As many of you know, when Amazon started conceding to the states and collecting sales tax, I felt like I needed to comply. While most online businesses have not paid sales tax traditionally, this was simply a matter of it being too hard and too expensive for the states to track us down and because no one else was paying, either. How could they go after little fish like us and leave the big boys like Amazon, Wal-Mart, Target, and TRU alone? Each state that collects sales taxes has laws on the books that online sellers owe them money for sales they make in their states if we have a presence in their state.  What you may not realize is that some of those states also have requirements for the recipients of online goods to pay tax. Very few consumers do. Some states are getting militant with their residents about paying so those customers would actually be relieved for us to collect the sales tax.

So what’s happening now?

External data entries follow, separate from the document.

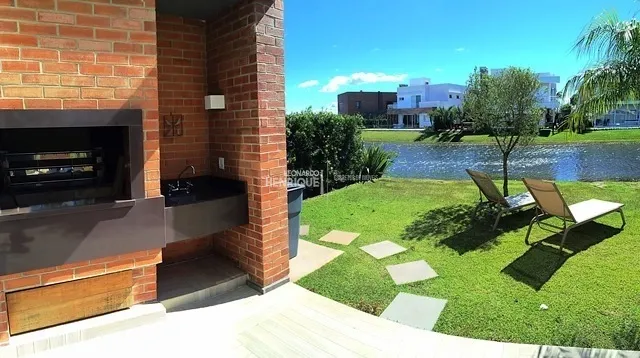 Sobrado no condomínio Enseada: 30ª foto da galeria de imagens do imóvel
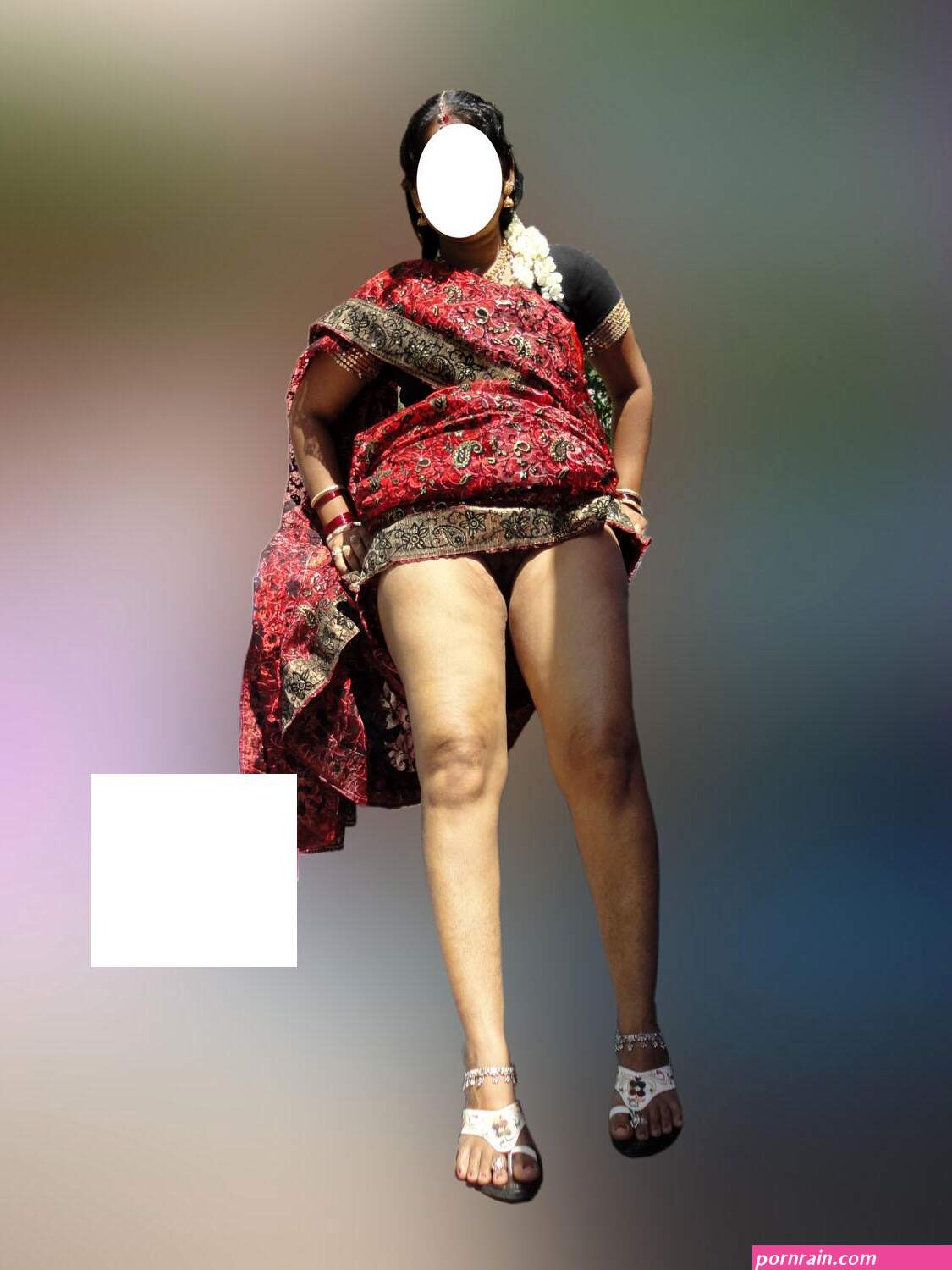 desicandid on X: Hyderabad aunty strips saree and posing nude see the full post here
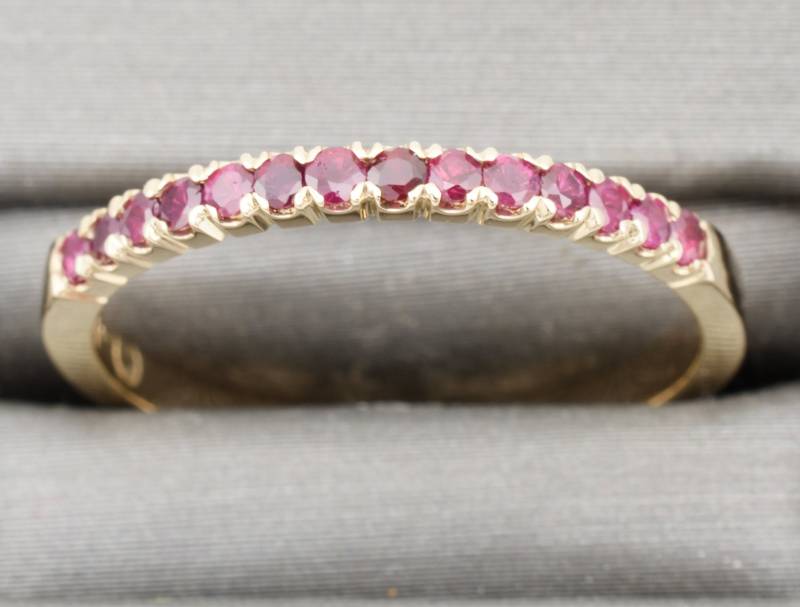 Rubin Gelbgold Ehering Im Doppelteiler Set, Rubin Ehering, Goldring von ARTMANJEWELRY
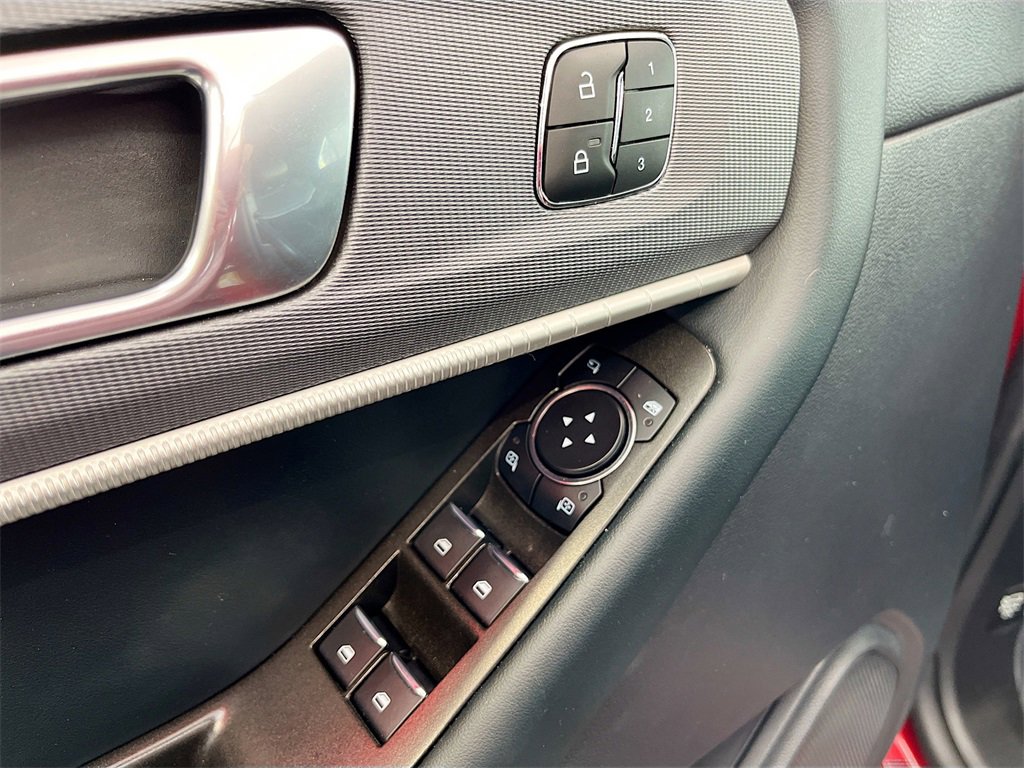 Used 2025 Ford Explorer ST-Line w/ Premium Package image 18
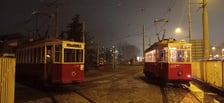 <p>Dwa tramwaje typu LH Standard stojące na ternie dawnej zajezdni tramwajowej przy ulicy Legnickiej</p>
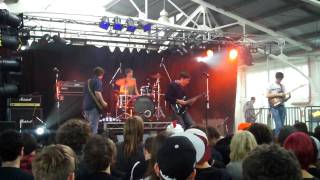 This Town Needs Guns - 26 is dancier than 4 @ Melbourne Soundwave 2011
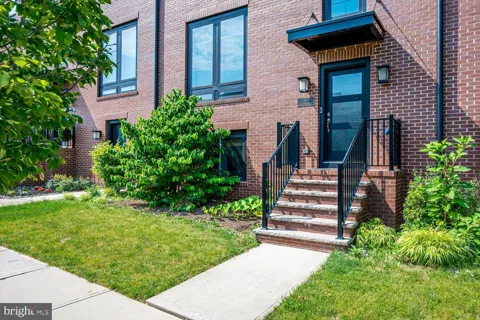 5 E HARTWICK DRIVE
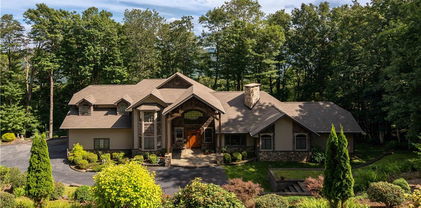 1902 Elk Creek Mountain Parkway, Todd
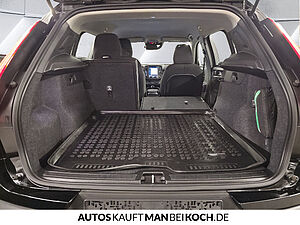 Volvo  XC40 Momentum Core, T2 Schaltgetriebe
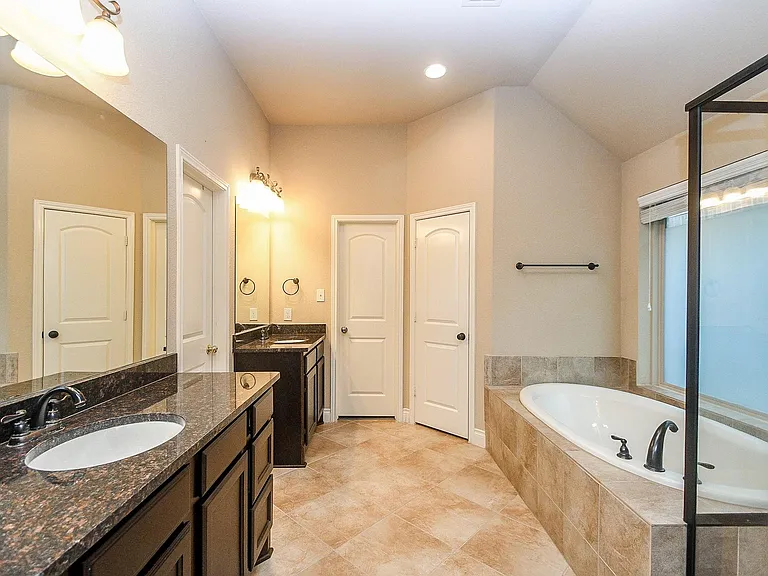 2911 Village Brook Ln — Photo 21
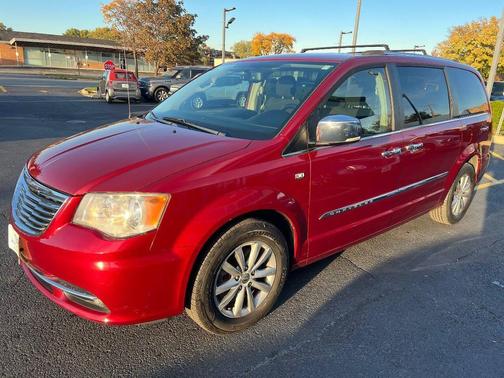 2014 Chrysler Town & Country Touring-L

Amazon has buckled under.  There are currently nine states where it collects sales tax and more are lined up to start over the next two years depending on the dates it has negotiated with the state(s). Wikipedia has a lot of great information on Amazon and sales tax if you want to read more. The company has stated unequivocally that it will comply with state law in those states. What does that mean for us? It is unclear. Will a state request Amazon turn over its sales records for third-party sellers over a certain level of sales? It might. The federal government already does which is why Amazon fills out a 1099-K for each seller who grosses over a certain amount.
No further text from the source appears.